危篤の知らせを聞いてかけつけて(道中に亡くなった)施設のベッドで死にたての祖母をみたとき

 おばあちゃーん!かわいそうにー!
 
と思って、わーわー泣いてしまった。
日頃「らに子はきっと親が死んでも笑ってる」と母に言われている私なので(そんなこと言います?)まわりもちょっと引いていたのかもしれなくて、ドラマでよくあるように、泣いている私の背中をなでたり肩を抱いてくれる人はおらず単独・棒立ちで泣き続けた。
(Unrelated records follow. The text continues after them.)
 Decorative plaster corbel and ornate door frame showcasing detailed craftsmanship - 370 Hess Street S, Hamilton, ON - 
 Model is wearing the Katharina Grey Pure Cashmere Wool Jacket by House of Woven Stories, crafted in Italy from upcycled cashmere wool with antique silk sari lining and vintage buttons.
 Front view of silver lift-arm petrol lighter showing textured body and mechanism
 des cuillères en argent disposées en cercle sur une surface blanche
寂しいより前に、ぎゅっと固く小さく体を丸めて死んでいた祖母がかわいそうで悲しかった。私は、老衰って、少しずつ弱っていって眠るように亡くなるのかと思っていたのだ。甘かった。施設に入ってからの祖母は階段を2、3段ずつ転がり落ちるように負けていくというか、「心臓が」「血管が」「呼吸が」とどんどん危険な部分が増えていって、向こうに無理やり連れて行かれてしまったように感じた。「もういい歳だからね」と思っていたのは私たち側だけで、祖母はまだ生きる気だった(とおもう)。

 
施設に入ったばかりの頃、母が、祖母と母が入信している宗教施設の
祭壇写真を写真立てに入れて持っていった。
「おばあちゃん、祭壇よ。ここにおいておけば、教会に行けなくても大丈夫!」と言った母に祖母は、写真をちらと見て「いらねぇ。」と言った。
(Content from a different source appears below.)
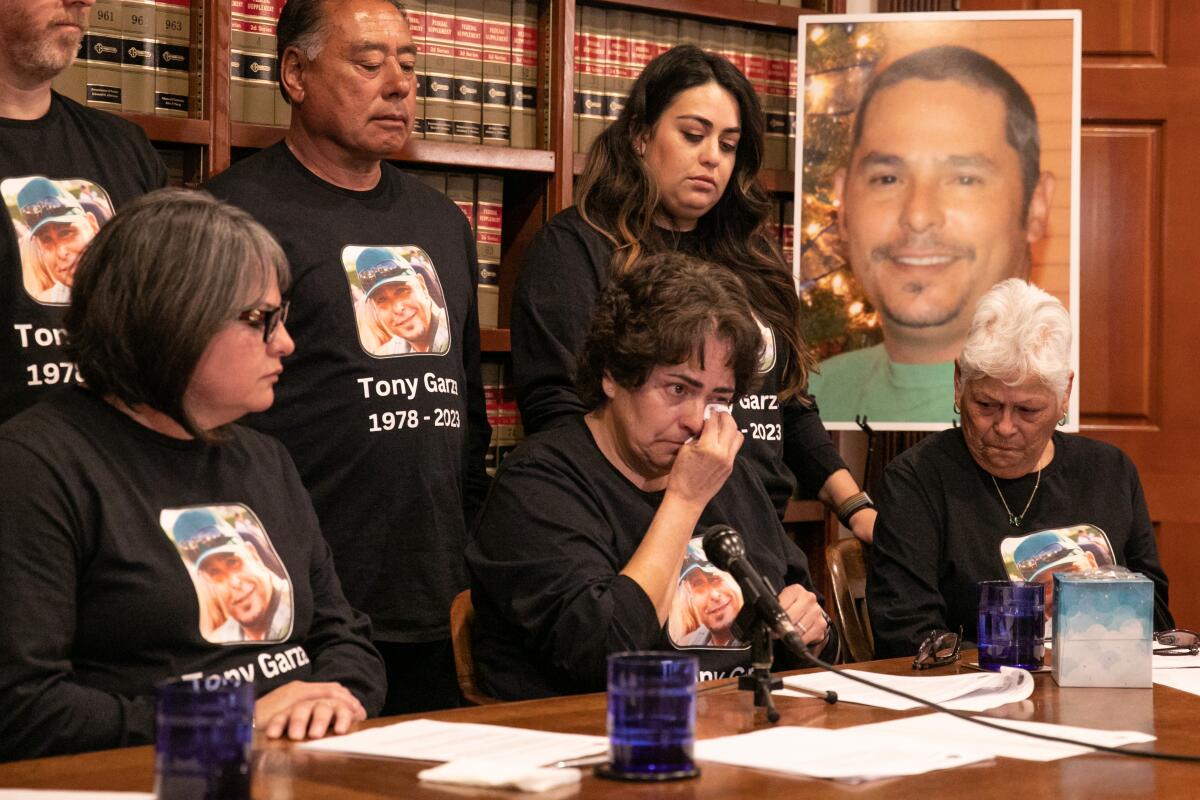 A woman wipes away tears as other family members of Tony Garza look on at a news conference.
母は祖母が理解していないのかと思って「おばあちゃん、これ、祭壇よ。S教会の」と声を大きくしてもう一度言った。「持って帰って」と、祖母は言った。母は納得して言った。「もうおばあちゃんは、モノはなにもいらないのね。」と。心の中に全部あるのよね。と。
次に施設に行ったとき、部屋には造花や国からもらった長寿祝いの賞状、ぬいぐるみなどが飾ってあり、祖母が、部屋に色がなくて寂しいからなにか置いてほしいと言っていたと聞いた。
なんか、宗教の限界を感じたね。言わなかったけど。
 
祖母がいない寂しさは翌日以降に小走りでやってきて、お風呂で泣きコンビニで泣き夜中に起きて泣き、私はしばらく泣き女となった。
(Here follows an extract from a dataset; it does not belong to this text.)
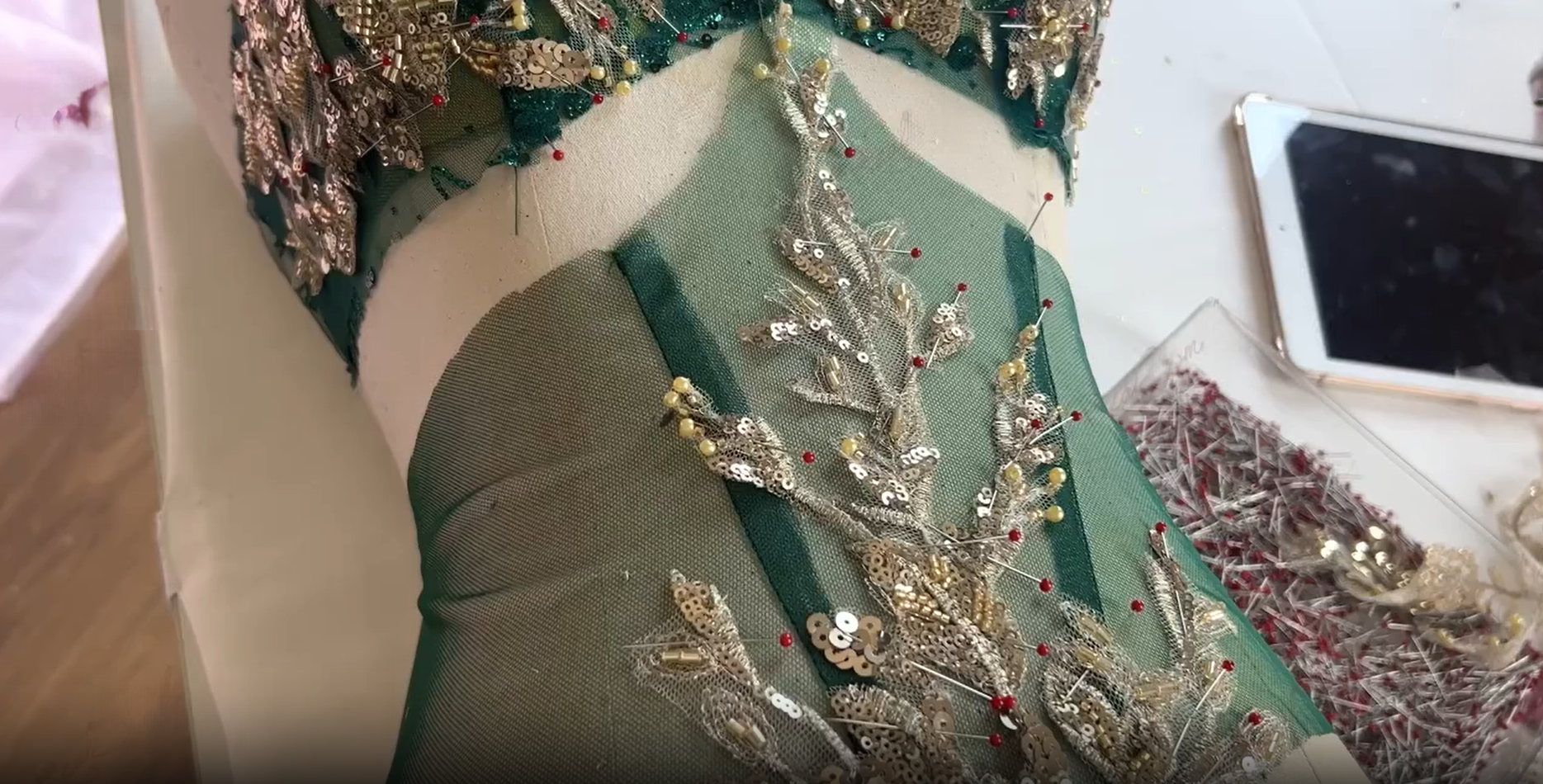 Green tulle corset bodice with gold branch detail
5月までは庭でBBQをする私たちを眺め、「お肉食べてみる?」と持っていったら7枚食べたりしていたのに(それはちょっと食べ過ぎだよミヨコ)。
「天国にいちばん近い女」っていうキャッチコピーつけてあげたら無視したりしてたのに。
デイサービスでモテるとおじいさんふたりに囲まれた写真を見せてきたから「3人目のおじいさんにしか見えない」と言ったら若い頃斎藤清六をテレビで見たときのように爆笑したりしてたのに。(笑いのツボ、は?)
ほんとにいなくなるなんて〜。
 
 
で、お通夜&葬儀である。
母と離婚した父もかけつけ(父は葬儀代を半分もったそうだ)、家族葬で温かく送ろうじゃないかと思っていた。私が実家に到着した時、庭で父と母が並んで立って笑っていた。「いま、お父さんが芝を刈ってくれたの」と母が言って「腰が痛いよ」と父が言った。ちょっとびっくりした。なんか私初めて見た気がする、こんな絵。おばあちゃんが、家族仲良くねって言ってくれてるんだろうねぇ…。などと思った私はやっぱり本当に甘い。甘くてゆるい。もうみんな私のことプッチンプリンって呼べばいいYO。
 
通夜の前日、祖母送別イベントとまったく関係ないところで父が妹の発言にキレ、母に怒鳴り、母は私たちに父が怒った理由を分析して語り(不正解だった。お立ちいただきたい。逆になんでわからないのか)だめだこりゃと仲裁に入った私に妹が怒り出した。世界大戦って、こういうふうにはじまるのかも、と思った。
葬儀が終わるや否や父は荷物をまとめて帰り、暗い雰囲気のなか残った人たちで行った焼肉屋で母と妹は父の悪口を言いまくり、私の意見を聞かれたのでまた同じことを言ったら妹が怒り、お姉ちゃんはひどいと泣き出し(もう、罠じゃん。聞かれたから言ったのに)気まずく家に帰り、いまに至る。
 
なんていうか、おばあちゃん、私合わんわ、あの人ら。
 


ベッドの横に貼ってあった。嬉しかったんだな。